Die Zahlen sprechen für sich: Rund 29 500 Studierende aus 119 Ländern an neun Fakultäten – dazu etwa 3100 Forschende in mehr als 150 Instituten. Die Leibniz Universität ist eine der neun führenden technischen Universitäten in Deutschland. Und sie kann aus dem Vollen schöpfen. Denn ihr Portfolio beinhaltet ein breites Fächerspektrum, das von den Ingenieur- und Naturwissenschaften über die Architektur und Umweltplanung, Rechts- und Wirtschaftswissenschaften bis hin zu forschungsstarken Sozial- und Geisteswissenschaften reicht. Geballte Kompetenz in 84 Studiengängen!   

Die heutige Uni ist so vielseitig und weltgewandt wie ihr Namenspatron

Die breite Aufstellung steht dabei der inhaltlichen Profilbildung keinesfalls im Weg.

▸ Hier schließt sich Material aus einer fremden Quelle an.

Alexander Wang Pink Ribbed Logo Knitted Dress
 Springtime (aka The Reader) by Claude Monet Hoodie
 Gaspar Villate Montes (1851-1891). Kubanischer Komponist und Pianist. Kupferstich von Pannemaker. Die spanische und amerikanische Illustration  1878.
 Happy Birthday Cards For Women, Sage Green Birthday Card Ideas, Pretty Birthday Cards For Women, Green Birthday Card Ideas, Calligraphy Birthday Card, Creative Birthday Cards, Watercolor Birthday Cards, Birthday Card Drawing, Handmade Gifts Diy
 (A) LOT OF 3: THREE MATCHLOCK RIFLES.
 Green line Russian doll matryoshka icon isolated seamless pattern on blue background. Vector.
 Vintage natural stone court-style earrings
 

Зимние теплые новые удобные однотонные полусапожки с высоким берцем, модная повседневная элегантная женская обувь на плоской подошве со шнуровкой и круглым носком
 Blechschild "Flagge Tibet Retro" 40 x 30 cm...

Vor allem das Lehr- und Forschungsprofil ist beispielgebend. Zudem stärken Kooperationen mit nationalen und internationalen Partnern die wissenschaftliche Expertise.

Dabei will die Leibniz Universität genauso vielfältig und weltgewandt wie Gottfried Wilhelm Leibniz (1646–1716) sein – der Universalgelehrte ist seit 2006 Namenspatron.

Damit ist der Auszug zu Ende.